We reported last week on news that the Church in Wales had become embroiled in a controversy over its refusal to elect or appoint Jeffrey John, currently Dean of St Alban’s in England, as the Bishop of Llandaff to succeed the recently retired Barry Morgan (who also served as Archbishop of the Church in Wales).
In an open letter to the Bishop of Swansea and Brecon, the most senior bishop in Wales, John wrote
The only arguments adduced against my appointment – in particular by two of the bishops – were directly related to my homosexuality and/or civil partnership – namely that my appointment would bring unwelcome and unsettling publicity to the diocese, and that it might create difficulties for the future Archbishop in relation to the Anglican Communion.
In a telephone call on the evening of March 3rd one of the bishops present confirmed to me that these were the only objections adduced, and explained that the bishops were ‘just too exhausted’ to deal with the problems they believed my appointment would cause. I put it to you that this is not a moral or legal basis on which to exclude me. [Read more here.]
Now, Members of Parliament for constituencies in South Wales congruent with the Diocese have weighed in with a letter of their own. The MPs’ letter, published by Thinking Anglicans, reads
Election of a Bishop of Llandaff
It is with some reluctance and regret that we find ourselves needing to place our concerns relating to recent events within the Church in Wales on the public record.
We had heard from many quarters of concerns and allegations relating to homophobic comments made during the election process for the appointment of a Bishop of Llandaff.
We are aware that neither homosexuality nor civil partnership are a bar to appointment within the Church in Wales.
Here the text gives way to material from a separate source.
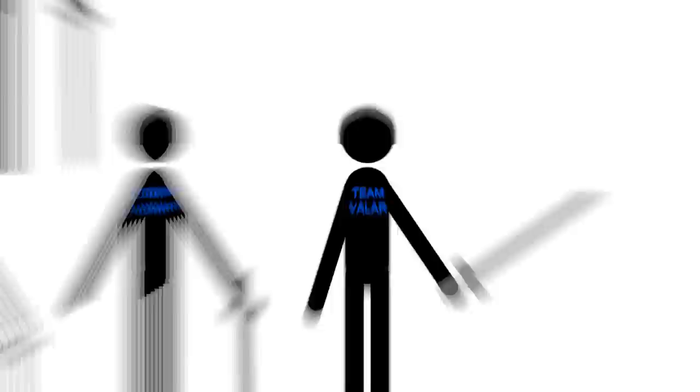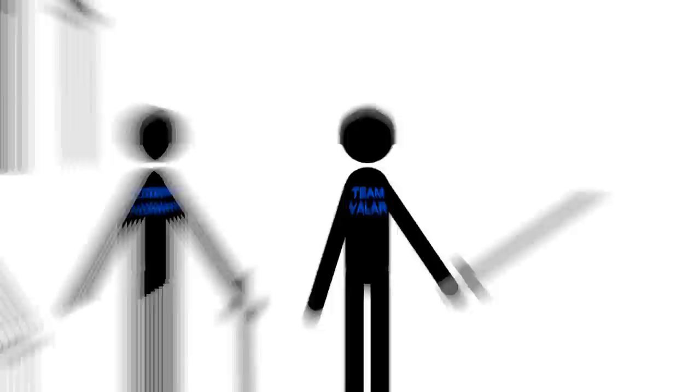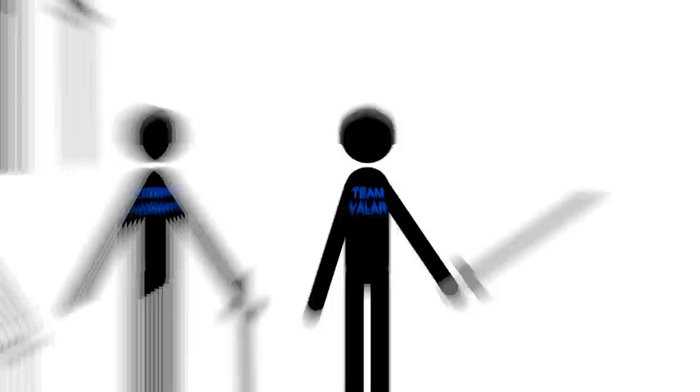So anyway, the Valar send a bunch of heavily armed help and there is a big battle and Melkor gets his legs chopped off. Now the men who decided to help out the Valar are given the reward of super long life and get their own special place called Numenor. Numenor rocks and they like it a lot, but after a while they get mad because the Valar say only people who are immortal can go to Valinor, the Undying Lands. Which kind of makes sense.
We are strongly of the opinion that leadership, scholarship, compassion and communication skills are the primary qualifications for the tasks facing a Bishop in Wales.
We are sorry to hear the allegations, the distress and the acrimony recent events surrounding the appointment of a new Bishop of Llandaff have created within the Church.
We are of the opinion that ‘exhaustion’ cannot be acceptable as a reason not to appoint someone eminently qualified and what we are informed was the unanimous choice of the electors of Llandaff.
We feel that the present process has been flawed and has let to considerable disharmony, anger and confusion. We respectfully recommend that there is a pause in the appointment process to allow emotions to cool and sound council to be heard. It would then appear appropriate that a new election is called, open to past and new candidates to apply and an open and transparent decision be made. There is now a need for healing and rebuilding of trust and confidence in the legality and moral leadership of the appointment of a much needed new Bishop of Llandaff and we hope this will soon be possible.
Madeleine Moon MP Bridgend
Stephen Doughty MP (MP for Cardiff South and Penarth)
Carolyn Harris MP (MP for Swansea East)
Nia Griffiths MP (MP for Llanelli)
Chris Elmore MP (MP for Ogmore)
Chris Bryant MP (MP for Rhondda)
Chris Evans MP (MP for Islwyn)
Wayne David MP (MP for Caerphilly)
Gerald Jones MP (MP for Merthyr Tydfil and Rhymney)
A response from the Church in Wales has stated that no single candidate reached the required two-thirds majority of the Electoral College votes to be called as bishop. It added
The meeting of the Electoral College for the next Bishop of Llandaff was confidential and the Church in Wales will not comment on speculation about the nomination and discussion of candidates. However, we strongly deny allegations of homophobia in the process. Neither homosexuality nor participation in a civil partnership are a bar to any candidate being either nominated or elected as a Bishop in the Church in Wales. Moreover, this was made clear to members of the Electoral College by its President, the Bishop of Swansea and Brecon.